Financial Times FT.com

Concern at delay to online charter

By Bertrand Benoit in Berlin

Published: February 15 2007 22:06 | Last updated: February 15 2007 22:06

Germany has drafted an initiative that would considerably increase the rights of European consumers who buy products on the internet. It could force businesses ranging from banks to online music stores radically to review their offerings.

Yet the government’s decision to postpone the publication of its proposals, originally planned for this week, is fanning concern among consumer rights activists that Berlin may be having second thoughts.

Under the five principles enshrined in the “charter for consumer sovereignty in the digital world”, seen by the Financial Times, online music stores, such as Apple’s iTunes, would have to modify the copyright protection that currently prevents songs being played on competitors’ devices.

This would make Germany, Europe’s largest online market, the latest government after France and several Scandinavian countries to demand that Apple and other companies submit to the principle of “interoperability”.

Another controversial proposal would see banks and internet services providers bear the costs resulting from cases of password theft – known as “phishing” – and other forms of fraud unless they are using the latest and most sophisticated data protection technologies.

The proposals would also force online stores to obtain agreements from users before their personal data can be sold to third parties – instead of, as is the current practice, giving them the option to opt out of such schemes.

Although the charter is not a bill, it represents the government’s position on what European legislation should look like. By putting it on the agenda of its EU presidency, which ends in June, Berlin would send a clear message to Brussels that it sees the issue as a priority.

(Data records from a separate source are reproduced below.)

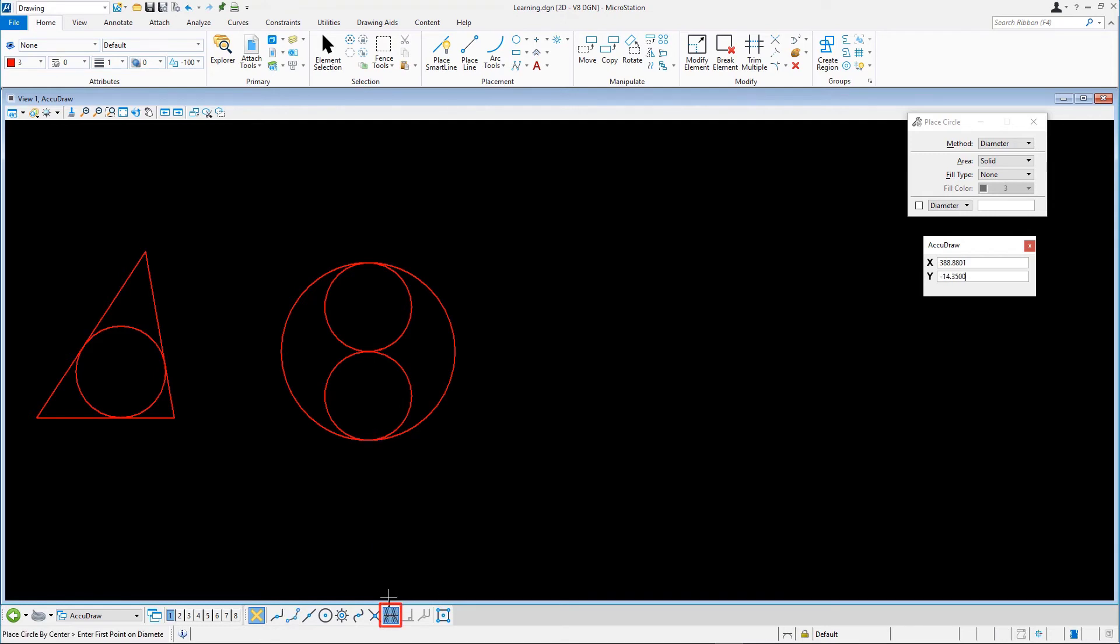Set the method to Edge like earlier. Using these settings, place the two smaller circles.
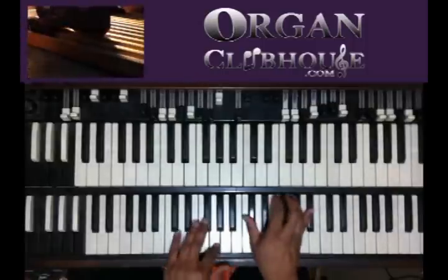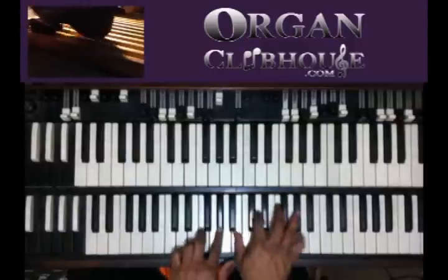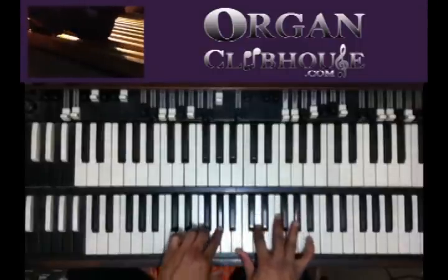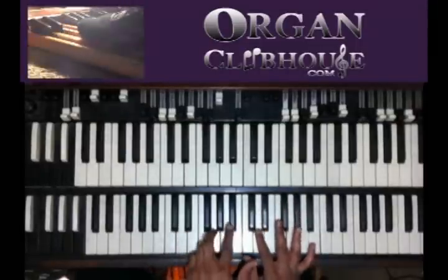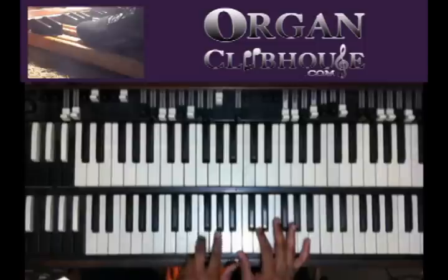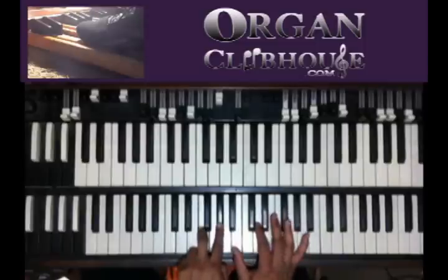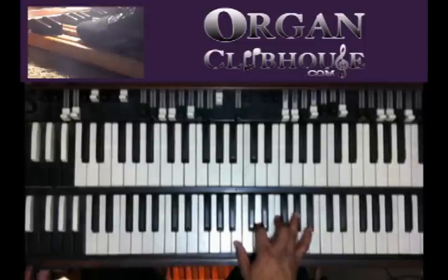All right, going up to D. We have F, A-flat in the left hand, and B, D, F, and A-flat in the right.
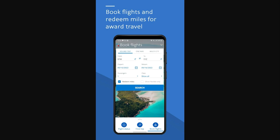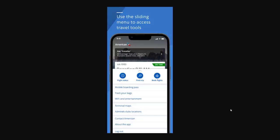In order to check in on the American Airlines app, you first want to open up the app, and once you have it open it should look something like this. You should be able to see a section at the bottom, and you can slide this up to see more options. When you do that, it will look something like this and you'll see all of these options.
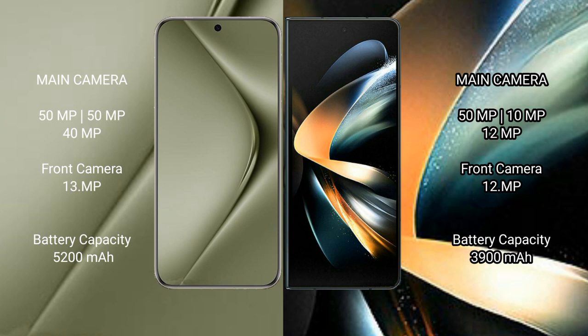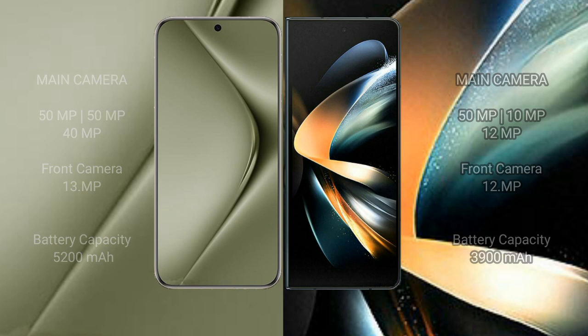Huawei Pura 70 Ultra has 5200mAh battery with 100W fast charging support. Samsung Galaxy Z Fold 4 has 4400mAh battery with 25W fast charging support.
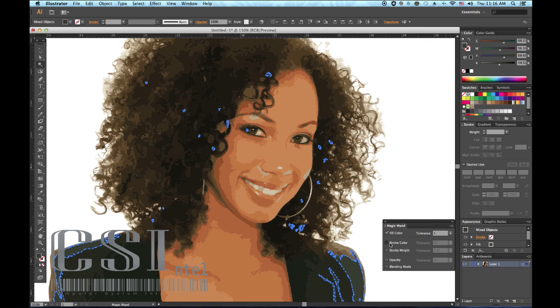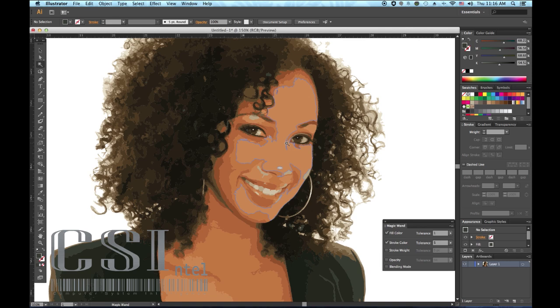Here you can customize the tool to select exactly what you are looking for, like Fill Color, Stroke Color, Stroke Weight, Opacity, and Blending Mode. The Magic Wand Tool allows quick global color replacement and targeted selection of objects within your document. Why bother selecting individual objects when you can let the Magic Wand Tool do it for you?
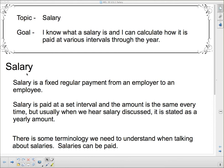Salary — we first have to understand what salary is. Most people understand that salary is something you get paid. But salary is a fixed regular payment from an employer to an employee. In other words, it doesn't matter how much you work; you're going to get the same amount for a certain period of time. Salary is paid at a set interval and the amount is the same every time. But usually when we hear salary discussed, it is stated as a yearly amount — so we hear what your yearly salary is. There's not necessarily any specific amount of time that you work. You don't get overtime if you work over 40 hours a week, but if for some reason you don't work those 40 hours a week, you don't get docked any kind of pay. It's definitely set.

“The charter is ready and it has been approved by all the ministries involved,” said a consumer lobbyist involved in drafting the text. “But this is very controversial stuff and our concern is that some people in the government may be trying to quietly bury it or put it on the backburner.”

Although the charter has been ready for some time, Horst Seehofer, consumer protection minister, has twice postponed its presentation.

The ministry said the delay was merely technical.

Others suspect Mr Seehofer, now locked in a battle for the vacant chairmanship of the Christian Social Union, the Bavarian arm of Chancellor Angela Merkel’s Christian Democratic Union, may be unwilling to associate himself with a highly controversial proposal at this sensitive time.